Study material =
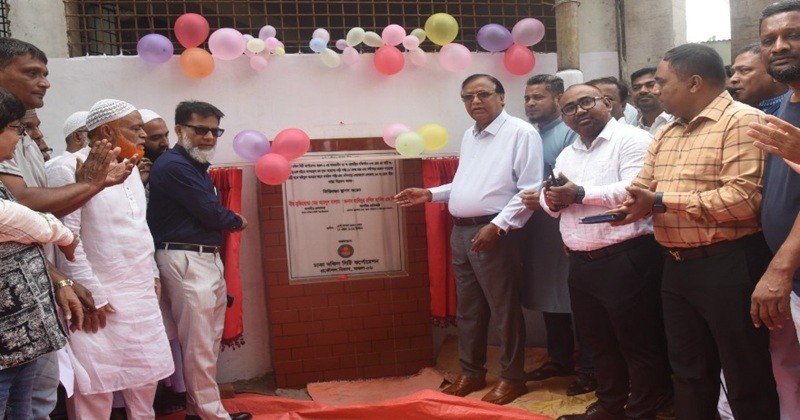 দক্ষিণগাঁও ও নন্দীপাড়ায় ডিএসসিসির রাস্তা উন্নয়ন কাজের ভিত্তিপ্রস্তর স্থাপন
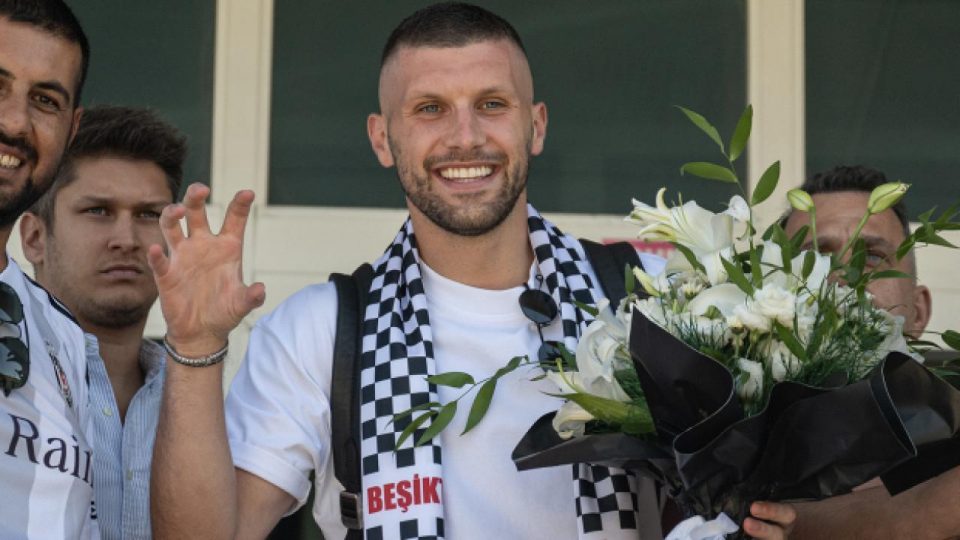Beşiktaş Ante Rebic’in transferi için görüşmelerin başladığını açıkladı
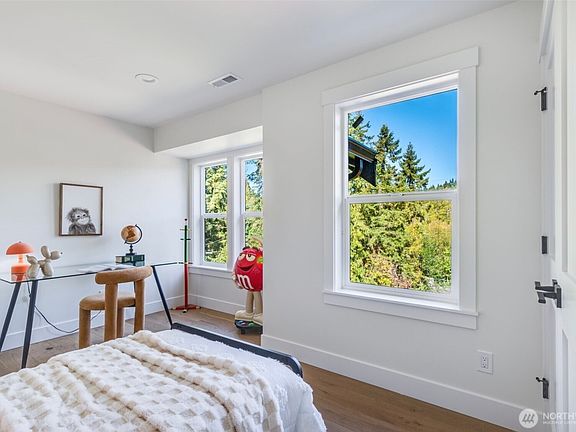 4th image of 10661 Forbes Creek Dr #A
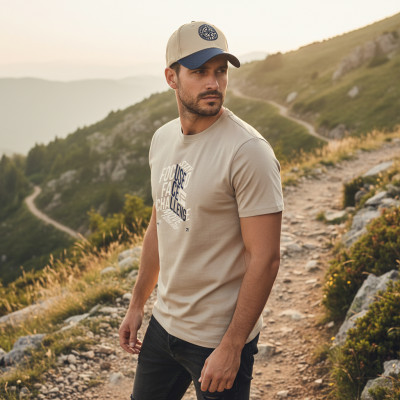 CZAPKA z Daszkiem Męska Bejsbolówka KOMPAS Beżowo - Granatowa Pako Jeans - Pakojeans.pl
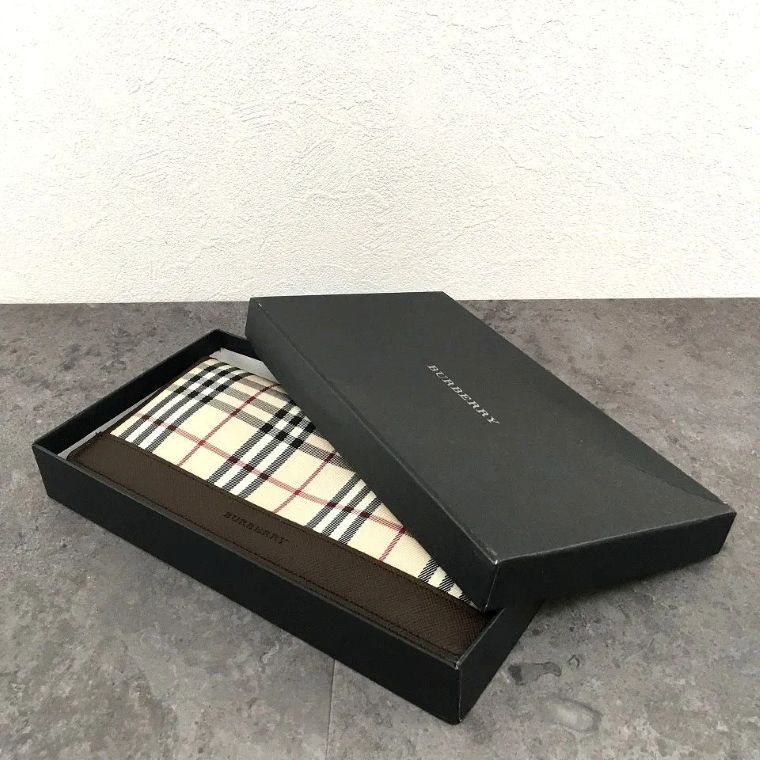 送料込み！ 極美品 BURBERRY 長財布 ノバチェック がま口 二つ折り財布
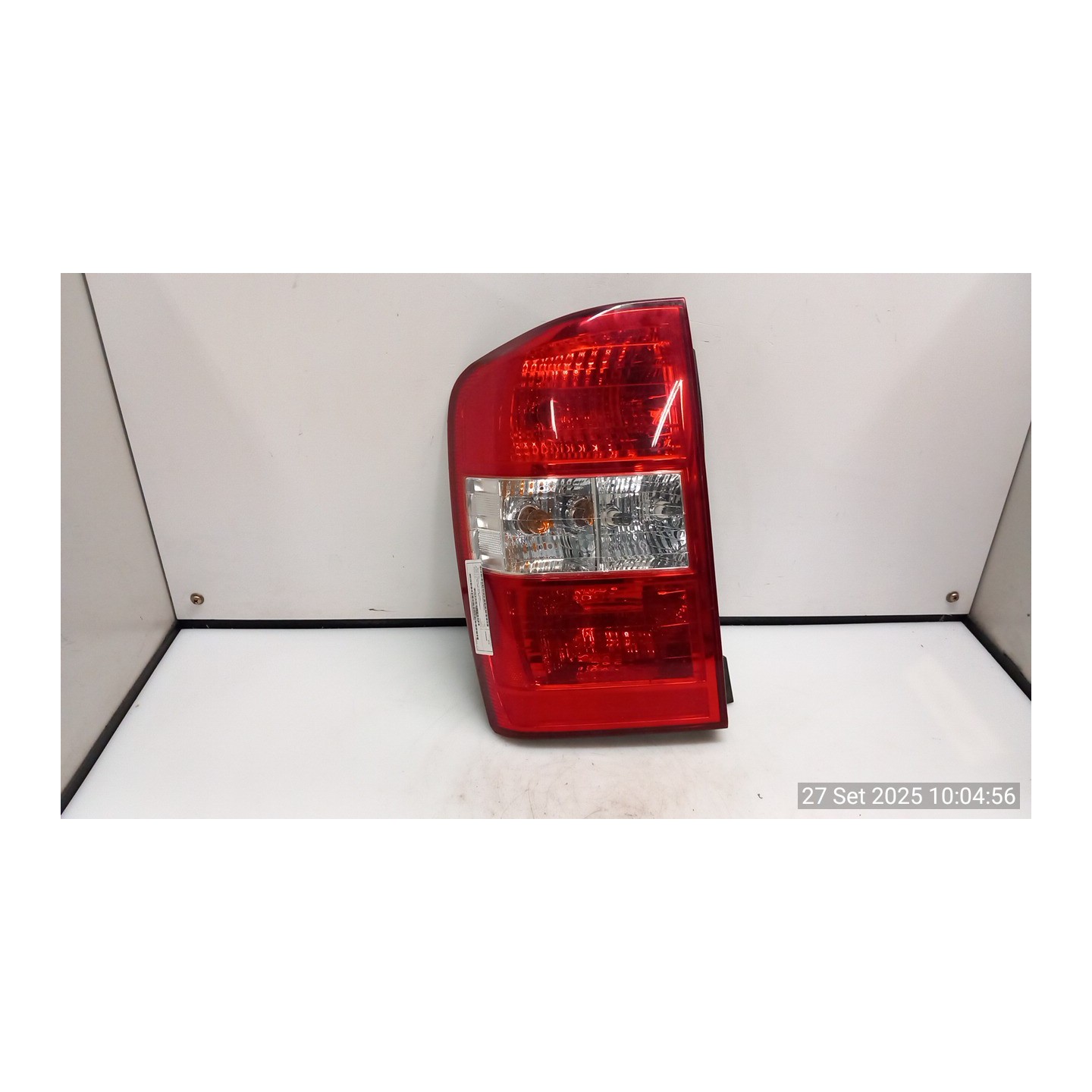FANALE POST. SX. 215 KIA CARNIVAL 2A SERIE (06/06-) J3 924014D110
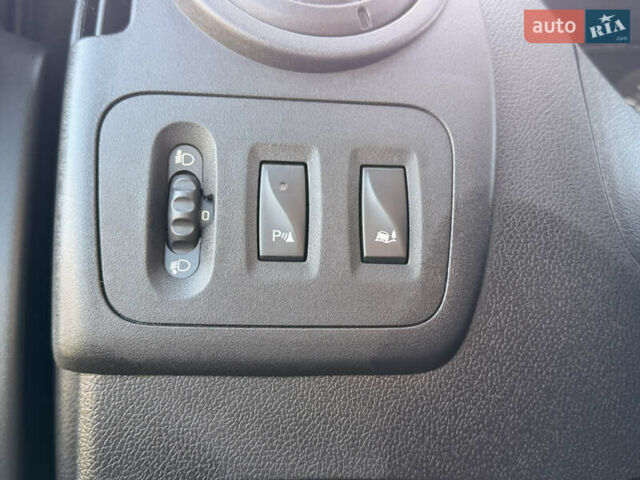 Черный Рено Мастер, объемом двигателя 2.3 л и пробегом 225 тыс. км за 18990 $, фото 31 на Automoto.ua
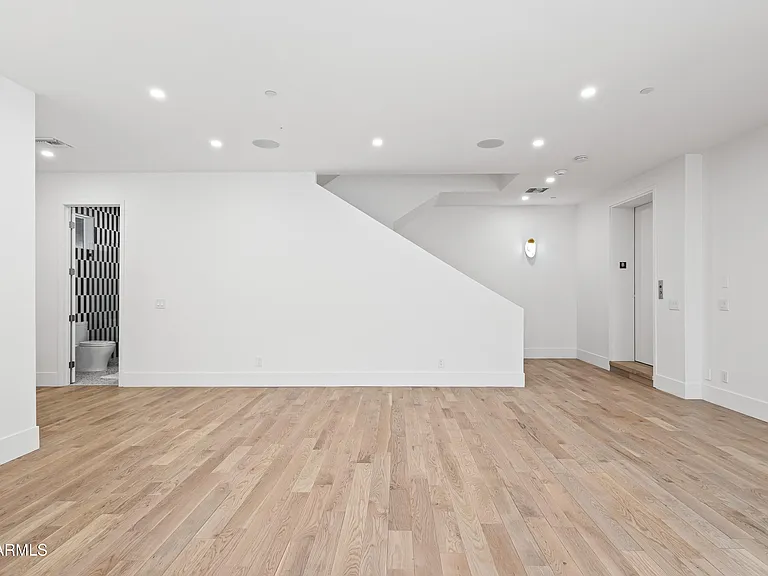 54 W Palm Ln #54 — Photo 45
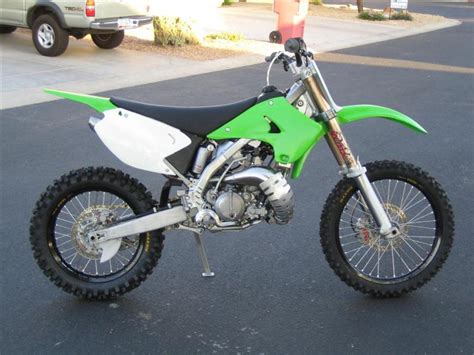 It was introduced in 1983 after revisions to the preceding kdx175. 2005 Kawasaki KDX200 - Moto.ZombDrive.COM
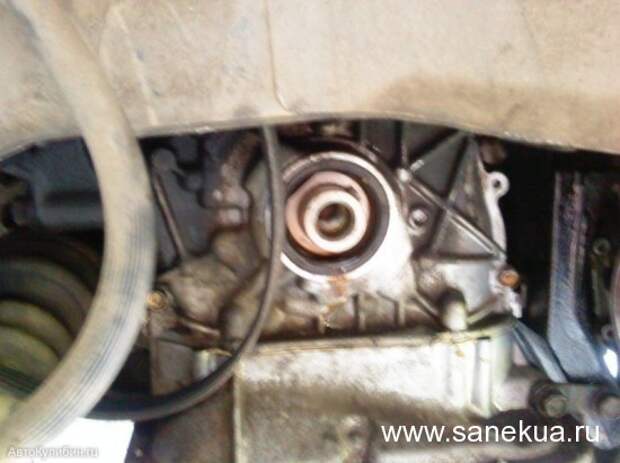 Как поменять сальник коленвала на Nissan Liberty PM12 Как поменять сальник коленвала на Nissan Liberty PM12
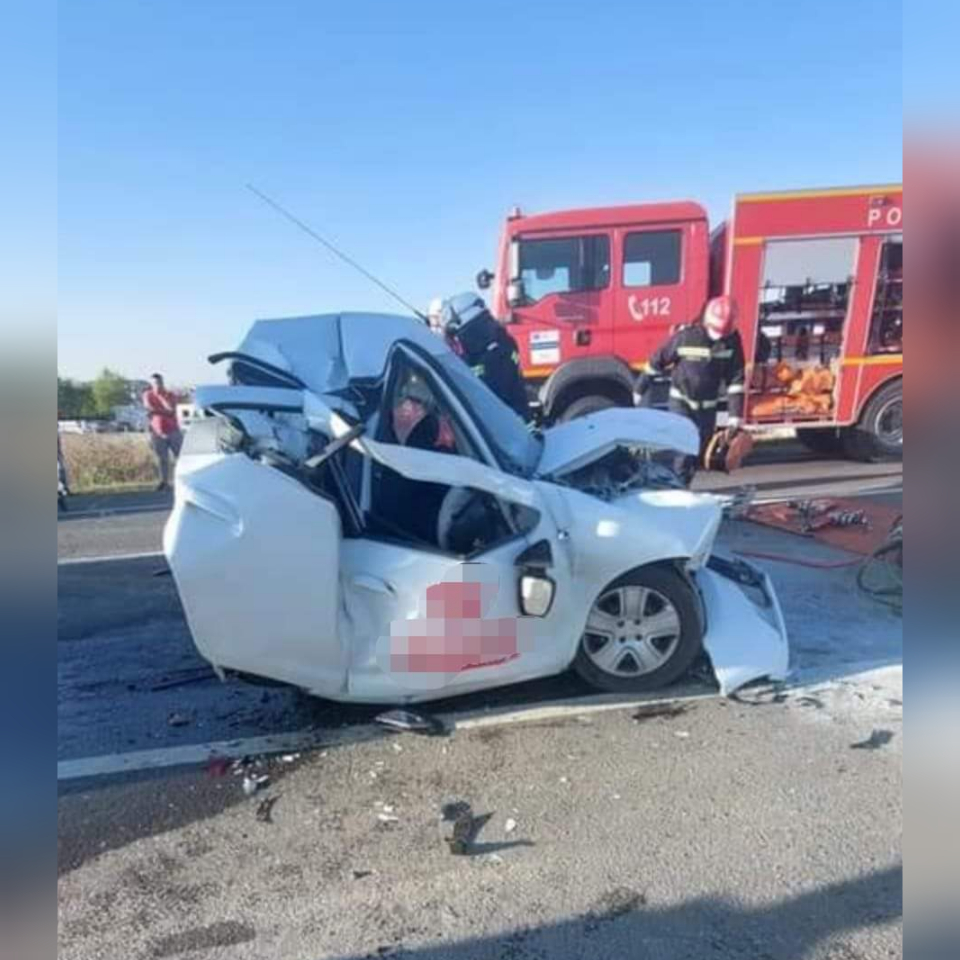 Accident pe Centura de Nord a Craiovei. O femeie a ajuns la spital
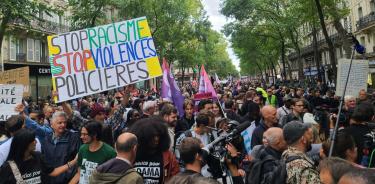 Manifestantes en París en contra de la violencia policial y el racismo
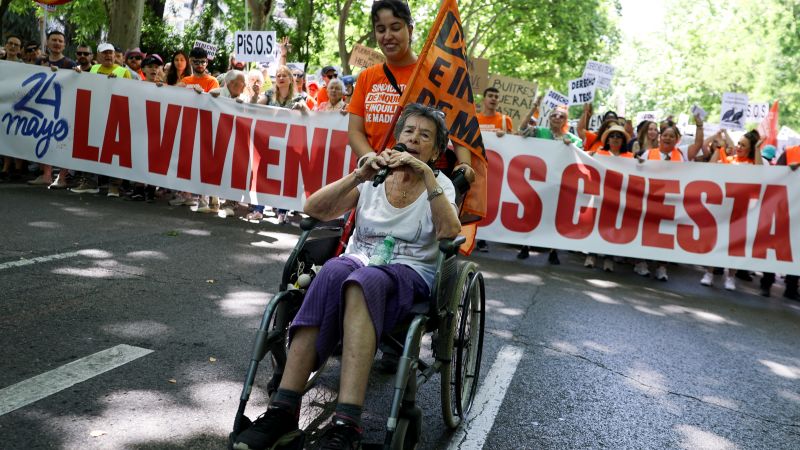 2026-05-24t121827z-1139415025-rc2nflamu3ht-rtrmadp-3-spain-protest-housing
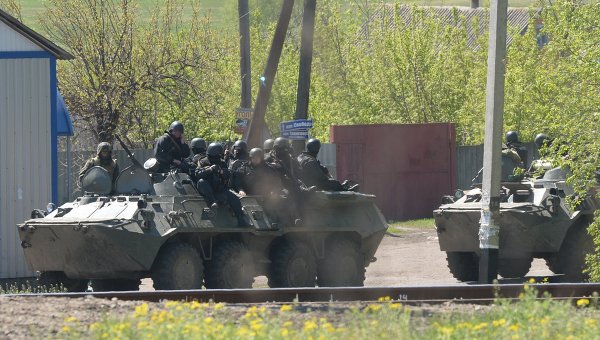 Украинские военнослужащие на БТР в окрестностях Славянска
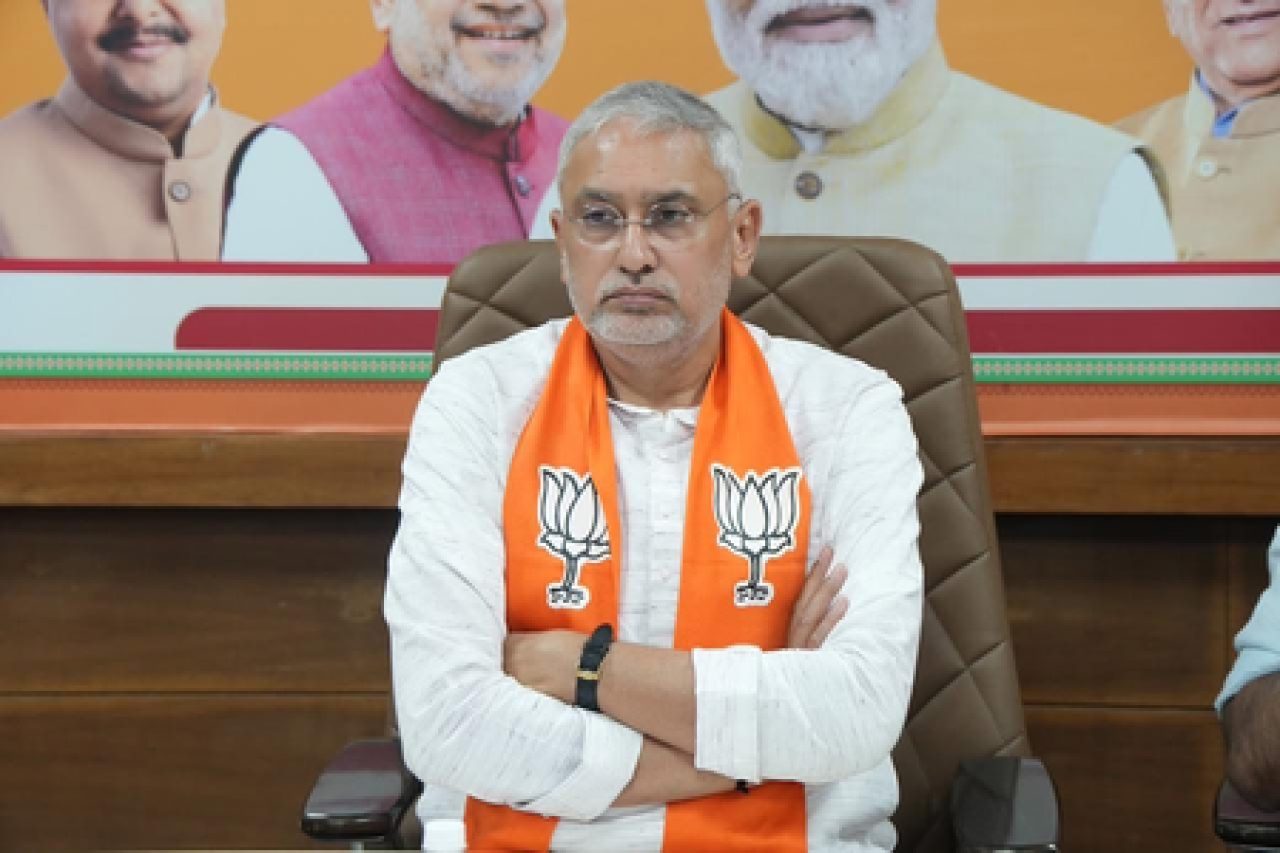 గుజరాత్ బీజేపీ కోర్ ప్యానల్ ఏర్పాటు, స్థానిక ఎన్నికలపై దృష్టి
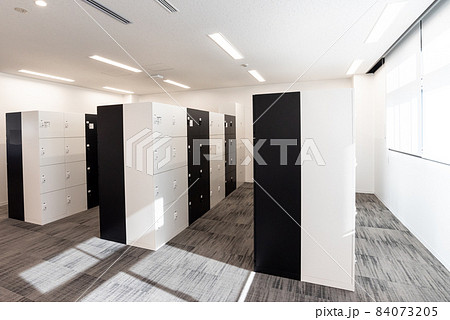 きれいなロッカールームのイメージ 84073205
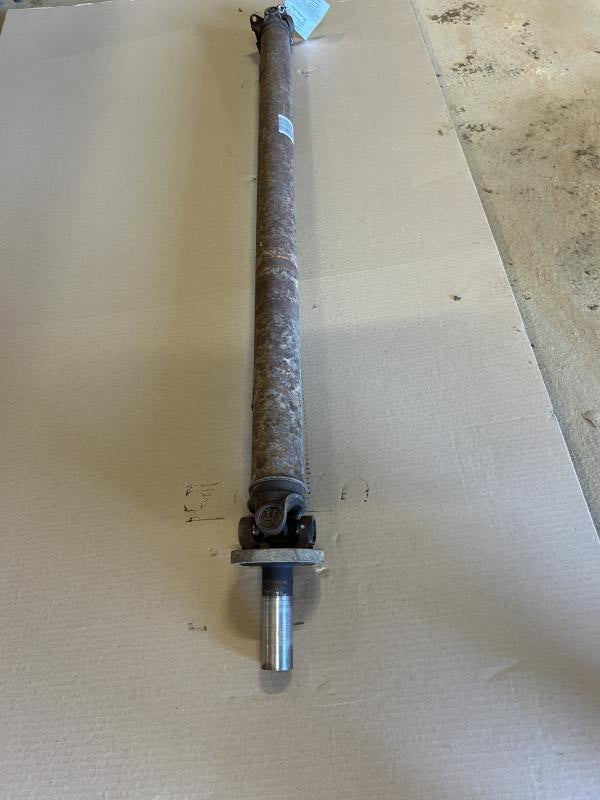 Drive Shaft from a 2005 Ford Expedition, rear, photo 2
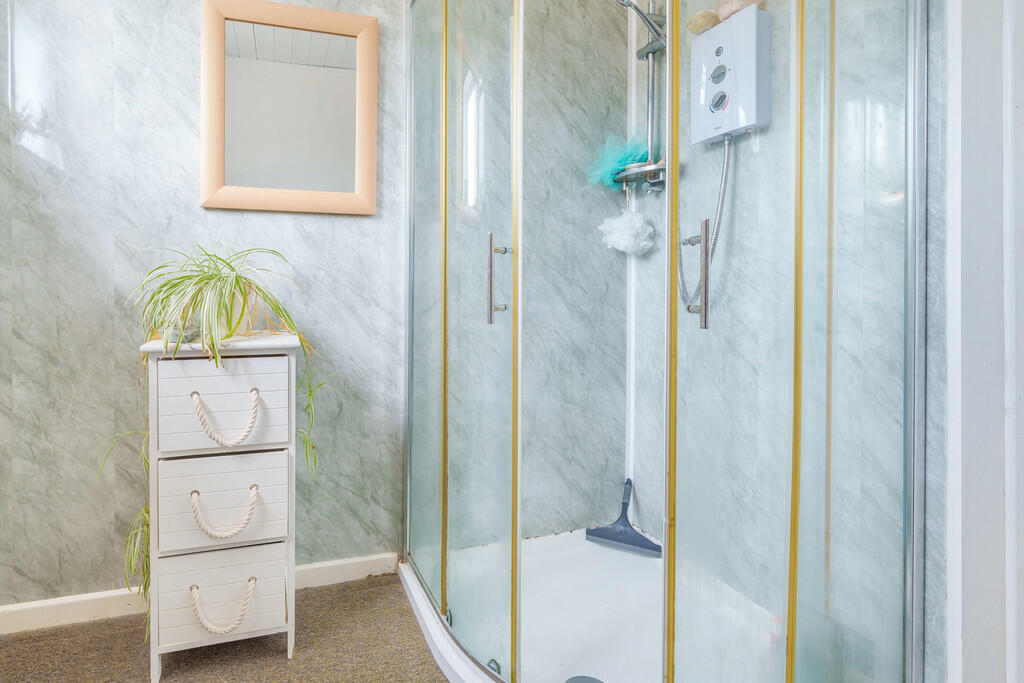 En-Suite Shower R...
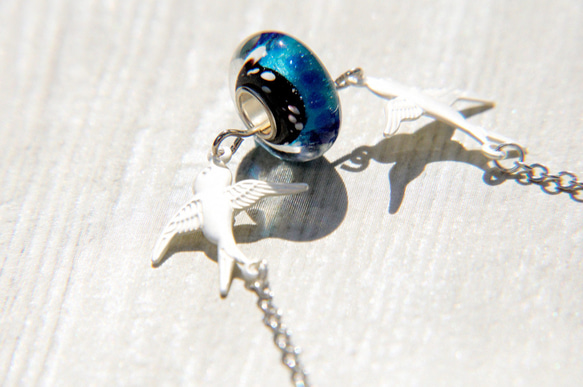 glass necklace 情人節禮物 / 簡約感 / 口吹琉璃項鍊 鎖骨鏈 短鏈 長鏈 - 飛向藍色星芒宇宙的鳥 第2張的照片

What this task involves = The reply should hold every line of the records unchanged and no pictures.

Answer for the task =
 দক্ষিণগাঁও ও নন্দীপাড়ায় ডিএসসিসির রাস্তা উন্নয়ন কাজের ভিত্তিপ্রস্তর স্থাপন
Beşiktaş Ante Rebic’in transferi için görüşmelerin başladığını açıkladı
 4th image of 10661 Forbes Creek Dr #A
 CZAPKA z Daszkiem Męska Bejsbolówka KOMPAS Beżowo - Granatowa Pako Jeans - Pakojeans.pl
 送料込み！ 極美品 BURBERRY 長財布 ノバチェック がま口 二つ折り財布
FANALE POST. SX. 215 KIA CARNIVAL 2A SERIE (06/06-) J3 924014D110
 Черный Рено Мастер, объемом двигателя 2.3 л и пробегом 225 тыс. км за 18990 $, фото 31 на Automoto.ua
 54 W Palm Ln #54 — Photo 45
 It was introduced in 1983 after revisions to the preceding kdx175. 2005 Kawasaki KDX200 - Moto.ZombDrive.COM
 Как поменять сальник коленвала на Nissan Liberty PM12 Как поменять сальник коленвала на Nissan Liberty PM12
 Accident pe Centura de Nord a Craiovei. O femeie a ajuns la spital
 Manifestantes en París en contra de la violencia policial y el racismo
 2026-05-24t121827z-1139415025-rc2nflamu3ht-rtrmadp-3-spain-protest-housing
 Украинские военнослужащие на БТР в окрестностях Славянска
 గుజరాత్ బీజేపీ కోర్ ప్యానల్ ఏర్పాటు, స్థానిక ఎన్నికలపై దృష్టి
 きれいなロッカールームのイメージ 84073205
 Drive Shaft from a 2005 Ford Expedition, rear, photo 2
 En-Suite Shower R...
 glass necklace 情人節禮物 / 簡約感 / 口吹琉璃項鍊 鎖骨鏈 短鏈 長鏈 - 飛向藍色星芒宇宙的鳥 第2張的照片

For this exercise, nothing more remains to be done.